EXERCISE:
Copy every line of the material precisely.

PROVIDED DATA:
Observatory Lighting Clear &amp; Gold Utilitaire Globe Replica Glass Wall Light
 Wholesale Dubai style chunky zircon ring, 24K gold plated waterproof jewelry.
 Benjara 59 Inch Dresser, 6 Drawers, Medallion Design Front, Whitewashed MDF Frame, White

SOLUTION TO THE EXERCISE:
Observatory Lighting Clear &amp; Gold Utilitaire Globe Replica Glass Wall Light
 Wholesale Dubai style chunky zircon ring, 24K gold plated waterproof jewelry.
 Benjara 59 Inch Dresser, 6 Drawers, Medallion Design Front, Whitewashed MDF Frame, White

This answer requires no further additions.